The Advanced Style film is a documentary about several stylish ladies of New York, all aged over 60. It came from Ari Seth Cohen’s Advanced Style blog, which progressed into a coffee table book, and now the documentary which shows a little of the lives behind the lively images.


Ari Seth Cohen originally began to snap older ladies in the street, he explains, as a homage to his grandmothers whom he greatly admired and both of whom had immense style of their own. The gorgeous, flattering photos – Ari is a good photographer – were soon a hit on his blog and he says that the popularity of the entire Advanced Style series in all its formats has encouraged fashion designers and retailers to look at women past a certain age in a new light, using them as models and embracing them as a demographic.


Indeed, towards the end of the film we see his particular proteges being shot for a Lanvin campaign and sitting front row in a big name fashion show, as well as excitedly being interviewed by celebrity fashion bloggers.

Seven women of Advanced Style

The film focuses on seven women, all wildly different in terms of their – well, everything. The only thing they have in common is that they are “senior” – and there is quite a big difference there too, with an age range of 62 – 95.

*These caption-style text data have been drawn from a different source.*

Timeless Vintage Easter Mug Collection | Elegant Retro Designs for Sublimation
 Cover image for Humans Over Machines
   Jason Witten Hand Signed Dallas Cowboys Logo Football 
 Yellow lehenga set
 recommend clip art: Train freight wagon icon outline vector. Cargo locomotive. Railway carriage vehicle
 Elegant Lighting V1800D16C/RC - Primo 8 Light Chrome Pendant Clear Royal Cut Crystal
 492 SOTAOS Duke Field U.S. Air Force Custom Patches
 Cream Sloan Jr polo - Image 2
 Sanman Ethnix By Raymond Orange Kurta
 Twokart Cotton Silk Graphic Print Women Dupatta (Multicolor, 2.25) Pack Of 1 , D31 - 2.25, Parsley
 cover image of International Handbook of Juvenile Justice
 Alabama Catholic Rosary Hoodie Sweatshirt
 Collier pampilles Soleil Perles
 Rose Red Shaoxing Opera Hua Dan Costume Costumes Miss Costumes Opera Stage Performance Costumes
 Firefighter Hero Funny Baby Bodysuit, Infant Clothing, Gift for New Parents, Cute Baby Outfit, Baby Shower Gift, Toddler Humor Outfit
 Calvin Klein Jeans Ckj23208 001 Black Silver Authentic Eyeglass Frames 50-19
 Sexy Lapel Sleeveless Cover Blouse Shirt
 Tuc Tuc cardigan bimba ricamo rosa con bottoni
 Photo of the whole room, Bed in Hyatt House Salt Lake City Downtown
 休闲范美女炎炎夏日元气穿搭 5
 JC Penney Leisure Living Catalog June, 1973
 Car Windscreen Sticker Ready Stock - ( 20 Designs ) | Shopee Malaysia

Ari Seth Cohen brings them all together and seems in the Advanced style film to act as a kind of manager or agent, looking over proposals for film roles and TV appearances, and sitting in boardrooms protectively with them.


The women in Advanced style muse to camera, not only on fashion, but on family, career and health. There are some stiff sequences when some of these disparate personalities, clearly not already friends, meet at each other’s homes for awkward chats about their lives.

Very Differing Style

In Advanced style we meet cheerful, bubbly Ilona Royce Smithkin, an artist. Her drawings are, somehow unexpectedly, utterly lovely and she created the famous portrait of the author Ayn Rand which is still used on the back of her books. She now teaches art and performs in a nightclub. Style wise, her most arresting feature is her ever present bright orange false eyelashes, which match her bright orange hair.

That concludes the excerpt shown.